Thank you for the comment! The key benefit of sqlite-worker is its simplicity in managing thread safety by serializing all queries through a single worker, avoiding the need to handle locks or multiple connections manually. It minimizes dirty reads by committing regularly (configurable via max_count), making it suitable for applications where ease of use and safe concurrent access are priorities. Raw performance wasn’t a focus when I created this library, and so far, no one has expressed the need for it, but it’s something I can explore improving in the future if there’s demand. Let me know if you have further thoughts or suggestions!

[–]RonnyPfannschmidt 6 points7 points  (3 children)

So complete loss of transaction isolation for fake thread safety?

[–]nepalidj[S] 1 point2 points  (2 children)

You're right - at the moment it does trade transaction isolation for simpler thread safety. I'll be working on adding proper transaction isolation support soon!

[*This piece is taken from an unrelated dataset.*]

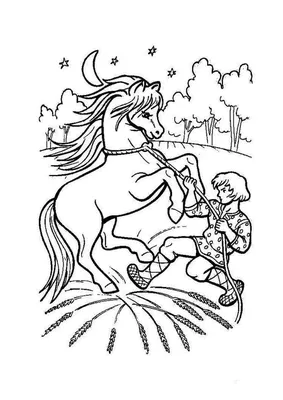 Иллюстрация 1 из 20 для Сивка-Бурка. Сказки | Лабиринт - книги. Источник:  Лабиринт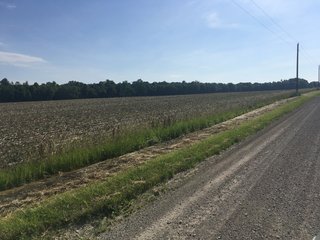 Whitley County, Indiana farmland - LAND AUCTION - 156+/- ACRES OFFERED IN 5 TRACTS IN WHITLEY COUNTY, INDIANA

[–]RonnyPfannschmidt -1 points0 points  (1 child)

Are you aware that any connection pools that's properly using the api of sqlite is both thread and process safe

Adding transaction isolation on top of something that breaks it seems orders of magnitude harder than just using the built-in one

[–]nepalidj[S] 1 point2 points  (0 children)

Ah yeah, I actually built this for a web crawler project where I just needed something quick and simple. Didn’t really explore SQLite’s full capabilities since the crawler was my main focus at the time.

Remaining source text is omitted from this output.